**WHAT TO DO:**
In the material below, the lines from the one containing "Necklaces New AAA1213mm" through the one containing "SPA Wooden Body" are to be given again exactly, ends included, and no others.

**PROVIDED RECORDS:**
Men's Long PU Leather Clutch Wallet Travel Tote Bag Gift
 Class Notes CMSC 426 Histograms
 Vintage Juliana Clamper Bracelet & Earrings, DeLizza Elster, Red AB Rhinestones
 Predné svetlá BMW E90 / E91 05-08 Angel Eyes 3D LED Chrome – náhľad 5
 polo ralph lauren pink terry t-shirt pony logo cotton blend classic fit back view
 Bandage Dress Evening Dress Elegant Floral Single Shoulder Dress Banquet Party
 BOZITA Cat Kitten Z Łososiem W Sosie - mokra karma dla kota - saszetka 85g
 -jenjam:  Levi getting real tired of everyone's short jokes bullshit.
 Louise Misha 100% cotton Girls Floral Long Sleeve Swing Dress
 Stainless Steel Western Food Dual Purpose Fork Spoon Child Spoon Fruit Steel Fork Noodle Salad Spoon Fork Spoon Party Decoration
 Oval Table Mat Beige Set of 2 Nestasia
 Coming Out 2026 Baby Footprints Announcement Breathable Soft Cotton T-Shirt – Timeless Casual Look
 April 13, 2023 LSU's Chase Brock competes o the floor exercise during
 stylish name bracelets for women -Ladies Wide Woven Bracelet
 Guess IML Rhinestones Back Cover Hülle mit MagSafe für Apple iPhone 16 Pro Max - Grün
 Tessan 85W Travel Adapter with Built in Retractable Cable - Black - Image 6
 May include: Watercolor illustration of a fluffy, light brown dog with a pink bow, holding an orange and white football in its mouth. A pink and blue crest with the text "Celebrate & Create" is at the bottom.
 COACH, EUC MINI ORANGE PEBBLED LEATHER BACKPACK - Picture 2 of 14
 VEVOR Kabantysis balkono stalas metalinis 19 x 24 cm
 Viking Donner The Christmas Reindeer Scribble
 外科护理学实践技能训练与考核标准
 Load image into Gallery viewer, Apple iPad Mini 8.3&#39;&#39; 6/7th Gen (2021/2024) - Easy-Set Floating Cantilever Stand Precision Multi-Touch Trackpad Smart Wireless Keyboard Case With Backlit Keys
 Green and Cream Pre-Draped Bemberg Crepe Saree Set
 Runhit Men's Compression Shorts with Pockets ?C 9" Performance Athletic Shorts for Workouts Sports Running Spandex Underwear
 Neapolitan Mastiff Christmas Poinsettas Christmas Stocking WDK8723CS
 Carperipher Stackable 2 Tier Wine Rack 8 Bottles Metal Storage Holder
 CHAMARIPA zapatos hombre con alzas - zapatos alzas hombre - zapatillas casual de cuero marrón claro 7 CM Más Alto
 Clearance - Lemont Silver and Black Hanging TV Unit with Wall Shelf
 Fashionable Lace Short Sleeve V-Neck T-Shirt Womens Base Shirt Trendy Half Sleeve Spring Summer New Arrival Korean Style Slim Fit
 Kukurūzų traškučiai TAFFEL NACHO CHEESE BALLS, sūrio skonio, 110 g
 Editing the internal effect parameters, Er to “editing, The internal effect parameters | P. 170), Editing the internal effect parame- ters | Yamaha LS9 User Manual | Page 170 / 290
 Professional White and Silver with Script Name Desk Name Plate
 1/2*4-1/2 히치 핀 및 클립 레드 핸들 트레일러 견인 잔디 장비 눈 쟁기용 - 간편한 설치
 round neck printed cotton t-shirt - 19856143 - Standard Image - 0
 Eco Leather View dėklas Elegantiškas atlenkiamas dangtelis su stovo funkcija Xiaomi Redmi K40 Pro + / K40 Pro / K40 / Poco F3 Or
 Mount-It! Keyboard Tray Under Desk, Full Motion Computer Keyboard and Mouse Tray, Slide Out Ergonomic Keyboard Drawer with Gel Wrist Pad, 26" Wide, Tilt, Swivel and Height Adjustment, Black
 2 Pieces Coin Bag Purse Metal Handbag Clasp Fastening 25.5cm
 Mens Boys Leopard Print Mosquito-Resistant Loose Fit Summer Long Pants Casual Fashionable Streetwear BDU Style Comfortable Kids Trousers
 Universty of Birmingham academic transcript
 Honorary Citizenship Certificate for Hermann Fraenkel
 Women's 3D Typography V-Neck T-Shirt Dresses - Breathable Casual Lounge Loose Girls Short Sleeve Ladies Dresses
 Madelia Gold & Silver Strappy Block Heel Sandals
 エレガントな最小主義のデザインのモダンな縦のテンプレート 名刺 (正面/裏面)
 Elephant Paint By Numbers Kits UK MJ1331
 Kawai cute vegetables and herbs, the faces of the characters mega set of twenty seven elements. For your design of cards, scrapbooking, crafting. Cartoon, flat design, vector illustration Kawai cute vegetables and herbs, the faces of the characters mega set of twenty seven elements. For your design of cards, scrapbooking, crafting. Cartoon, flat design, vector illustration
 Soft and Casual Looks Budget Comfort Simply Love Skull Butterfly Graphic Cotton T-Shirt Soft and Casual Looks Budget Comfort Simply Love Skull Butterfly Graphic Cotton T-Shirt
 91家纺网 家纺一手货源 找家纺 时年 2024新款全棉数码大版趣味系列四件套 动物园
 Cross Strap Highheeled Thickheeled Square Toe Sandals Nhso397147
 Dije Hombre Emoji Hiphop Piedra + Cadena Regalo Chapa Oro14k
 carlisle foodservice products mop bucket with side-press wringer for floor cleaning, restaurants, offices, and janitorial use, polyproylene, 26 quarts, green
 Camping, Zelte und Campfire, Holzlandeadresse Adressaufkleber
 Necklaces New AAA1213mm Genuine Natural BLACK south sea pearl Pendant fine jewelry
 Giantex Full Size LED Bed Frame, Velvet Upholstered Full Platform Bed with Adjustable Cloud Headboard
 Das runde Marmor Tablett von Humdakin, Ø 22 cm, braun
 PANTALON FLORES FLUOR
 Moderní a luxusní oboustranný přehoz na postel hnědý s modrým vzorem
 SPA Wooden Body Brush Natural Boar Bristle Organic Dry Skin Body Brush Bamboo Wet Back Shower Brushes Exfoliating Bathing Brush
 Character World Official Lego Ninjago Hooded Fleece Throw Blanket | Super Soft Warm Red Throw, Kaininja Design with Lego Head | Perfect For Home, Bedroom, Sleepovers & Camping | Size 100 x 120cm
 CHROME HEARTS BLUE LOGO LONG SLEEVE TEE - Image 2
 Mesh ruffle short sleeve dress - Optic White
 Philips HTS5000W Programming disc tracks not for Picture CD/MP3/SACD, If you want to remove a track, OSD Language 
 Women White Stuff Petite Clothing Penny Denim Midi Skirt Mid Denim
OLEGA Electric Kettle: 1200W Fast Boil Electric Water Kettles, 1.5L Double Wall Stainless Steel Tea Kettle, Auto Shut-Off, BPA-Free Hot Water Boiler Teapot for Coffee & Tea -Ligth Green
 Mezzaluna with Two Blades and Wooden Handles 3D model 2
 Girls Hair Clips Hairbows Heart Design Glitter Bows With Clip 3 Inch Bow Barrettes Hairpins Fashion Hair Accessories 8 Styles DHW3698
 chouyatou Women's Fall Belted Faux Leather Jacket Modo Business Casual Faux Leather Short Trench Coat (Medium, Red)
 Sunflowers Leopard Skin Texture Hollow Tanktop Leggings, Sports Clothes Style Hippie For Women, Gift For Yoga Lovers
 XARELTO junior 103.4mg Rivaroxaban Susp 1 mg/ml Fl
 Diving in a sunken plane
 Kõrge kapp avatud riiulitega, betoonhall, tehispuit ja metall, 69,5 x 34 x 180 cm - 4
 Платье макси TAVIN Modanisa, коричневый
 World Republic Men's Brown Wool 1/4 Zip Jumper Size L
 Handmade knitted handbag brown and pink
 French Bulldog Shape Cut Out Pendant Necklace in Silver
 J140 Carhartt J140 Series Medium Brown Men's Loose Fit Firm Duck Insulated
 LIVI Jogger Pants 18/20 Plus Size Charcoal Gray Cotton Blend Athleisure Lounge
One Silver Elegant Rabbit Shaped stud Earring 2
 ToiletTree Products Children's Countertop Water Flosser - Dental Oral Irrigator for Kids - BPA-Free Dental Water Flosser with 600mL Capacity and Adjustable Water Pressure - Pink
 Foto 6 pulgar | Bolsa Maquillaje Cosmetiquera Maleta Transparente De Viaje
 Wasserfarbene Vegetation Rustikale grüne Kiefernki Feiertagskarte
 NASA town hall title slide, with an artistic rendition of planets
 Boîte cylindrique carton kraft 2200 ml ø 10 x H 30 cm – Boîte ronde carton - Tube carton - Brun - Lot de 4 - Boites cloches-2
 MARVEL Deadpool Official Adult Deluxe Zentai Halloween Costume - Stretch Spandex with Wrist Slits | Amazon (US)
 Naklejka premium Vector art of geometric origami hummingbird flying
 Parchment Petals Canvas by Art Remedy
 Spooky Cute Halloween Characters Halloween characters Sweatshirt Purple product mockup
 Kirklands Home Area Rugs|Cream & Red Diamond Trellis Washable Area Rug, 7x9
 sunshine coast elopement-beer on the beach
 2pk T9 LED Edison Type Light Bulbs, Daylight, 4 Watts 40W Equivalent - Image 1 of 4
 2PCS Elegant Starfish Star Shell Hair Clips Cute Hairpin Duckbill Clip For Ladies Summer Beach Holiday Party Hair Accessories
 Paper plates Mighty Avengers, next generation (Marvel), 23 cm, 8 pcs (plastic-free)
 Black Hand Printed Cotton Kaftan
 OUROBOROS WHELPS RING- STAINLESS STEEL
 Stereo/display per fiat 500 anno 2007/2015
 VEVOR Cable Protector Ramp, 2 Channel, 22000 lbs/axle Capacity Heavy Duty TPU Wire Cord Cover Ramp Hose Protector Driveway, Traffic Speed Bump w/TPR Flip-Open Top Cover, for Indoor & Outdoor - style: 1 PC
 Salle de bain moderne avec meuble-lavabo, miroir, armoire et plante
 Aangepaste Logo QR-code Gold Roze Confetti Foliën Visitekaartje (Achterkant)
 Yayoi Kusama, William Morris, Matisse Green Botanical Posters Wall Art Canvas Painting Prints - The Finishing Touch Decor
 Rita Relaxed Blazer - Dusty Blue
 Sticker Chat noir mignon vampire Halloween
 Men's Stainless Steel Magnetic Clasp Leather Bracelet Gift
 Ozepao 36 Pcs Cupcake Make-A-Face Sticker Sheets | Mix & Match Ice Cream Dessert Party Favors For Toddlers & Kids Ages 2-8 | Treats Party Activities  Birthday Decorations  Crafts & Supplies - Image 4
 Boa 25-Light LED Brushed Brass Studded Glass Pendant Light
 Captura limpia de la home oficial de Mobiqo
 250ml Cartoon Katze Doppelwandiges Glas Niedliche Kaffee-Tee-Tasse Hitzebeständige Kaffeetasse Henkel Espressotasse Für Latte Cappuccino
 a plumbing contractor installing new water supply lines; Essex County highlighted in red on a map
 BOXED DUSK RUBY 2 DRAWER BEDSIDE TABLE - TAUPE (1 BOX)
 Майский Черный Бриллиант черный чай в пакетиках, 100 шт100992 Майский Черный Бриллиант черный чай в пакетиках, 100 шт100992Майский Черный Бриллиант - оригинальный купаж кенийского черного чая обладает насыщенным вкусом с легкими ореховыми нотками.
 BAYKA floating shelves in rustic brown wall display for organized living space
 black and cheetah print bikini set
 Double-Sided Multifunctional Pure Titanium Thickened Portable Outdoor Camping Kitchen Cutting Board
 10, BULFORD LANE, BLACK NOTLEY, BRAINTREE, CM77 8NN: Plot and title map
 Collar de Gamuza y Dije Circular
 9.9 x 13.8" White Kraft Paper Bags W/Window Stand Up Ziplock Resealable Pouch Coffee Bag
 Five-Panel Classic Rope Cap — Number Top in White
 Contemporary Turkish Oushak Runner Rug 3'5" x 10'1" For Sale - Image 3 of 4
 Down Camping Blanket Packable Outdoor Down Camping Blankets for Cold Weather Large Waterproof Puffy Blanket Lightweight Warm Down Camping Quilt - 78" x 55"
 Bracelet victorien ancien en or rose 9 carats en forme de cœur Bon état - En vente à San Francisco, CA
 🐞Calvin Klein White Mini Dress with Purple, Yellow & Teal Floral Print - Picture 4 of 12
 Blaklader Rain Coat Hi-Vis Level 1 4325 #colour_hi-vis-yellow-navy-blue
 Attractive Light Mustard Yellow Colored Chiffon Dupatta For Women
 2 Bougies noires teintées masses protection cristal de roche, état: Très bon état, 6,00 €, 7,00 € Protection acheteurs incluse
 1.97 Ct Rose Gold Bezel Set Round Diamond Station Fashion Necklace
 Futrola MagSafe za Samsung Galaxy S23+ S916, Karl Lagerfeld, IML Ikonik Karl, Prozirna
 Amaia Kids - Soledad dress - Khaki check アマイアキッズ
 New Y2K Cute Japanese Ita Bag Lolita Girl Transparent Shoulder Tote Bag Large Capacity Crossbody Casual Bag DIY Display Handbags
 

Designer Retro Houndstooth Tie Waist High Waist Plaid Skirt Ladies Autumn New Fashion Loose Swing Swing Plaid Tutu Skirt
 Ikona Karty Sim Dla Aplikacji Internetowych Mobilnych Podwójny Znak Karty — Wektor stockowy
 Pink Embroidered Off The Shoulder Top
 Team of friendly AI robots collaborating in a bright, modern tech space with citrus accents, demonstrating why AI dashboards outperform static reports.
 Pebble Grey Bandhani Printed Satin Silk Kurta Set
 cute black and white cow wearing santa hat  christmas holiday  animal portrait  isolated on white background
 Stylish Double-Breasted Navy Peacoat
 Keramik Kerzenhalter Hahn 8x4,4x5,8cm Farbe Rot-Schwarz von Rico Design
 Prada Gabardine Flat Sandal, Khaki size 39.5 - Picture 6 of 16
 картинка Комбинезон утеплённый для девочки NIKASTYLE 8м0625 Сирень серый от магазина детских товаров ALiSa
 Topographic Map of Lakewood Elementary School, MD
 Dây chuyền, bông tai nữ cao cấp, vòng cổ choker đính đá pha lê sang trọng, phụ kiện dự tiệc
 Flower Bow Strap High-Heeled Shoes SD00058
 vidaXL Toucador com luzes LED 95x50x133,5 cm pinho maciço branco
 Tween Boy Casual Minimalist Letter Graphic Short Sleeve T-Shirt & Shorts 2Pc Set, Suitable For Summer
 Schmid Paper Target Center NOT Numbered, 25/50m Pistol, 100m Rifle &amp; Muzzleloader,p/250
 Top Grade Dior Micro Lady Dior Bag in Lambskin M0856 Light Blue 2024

**RESPONSE:**
 Necklaces New AAA1213mm Genuine Natural BLACK south sea pearl Pendant fine jewelry
 Giantex Full Size LED Bed Frame, Velvet Upholstered Full Platform Bed with Adjustable Cloud Headboard
 Das runde Marmor Tablett von Humdakin, Ø 22 cm, braun
 PANTALON FLORES FLUOR
 Moderní a luxusní oboustranný přehoz na postel hnědý s modrým vzorem
 SPA Wooden Body Brush Natural Boar Bristle Organic Dry Skin Body Brush Bamboo Wet Back Shower Brushes Exfoliating Bathing Brush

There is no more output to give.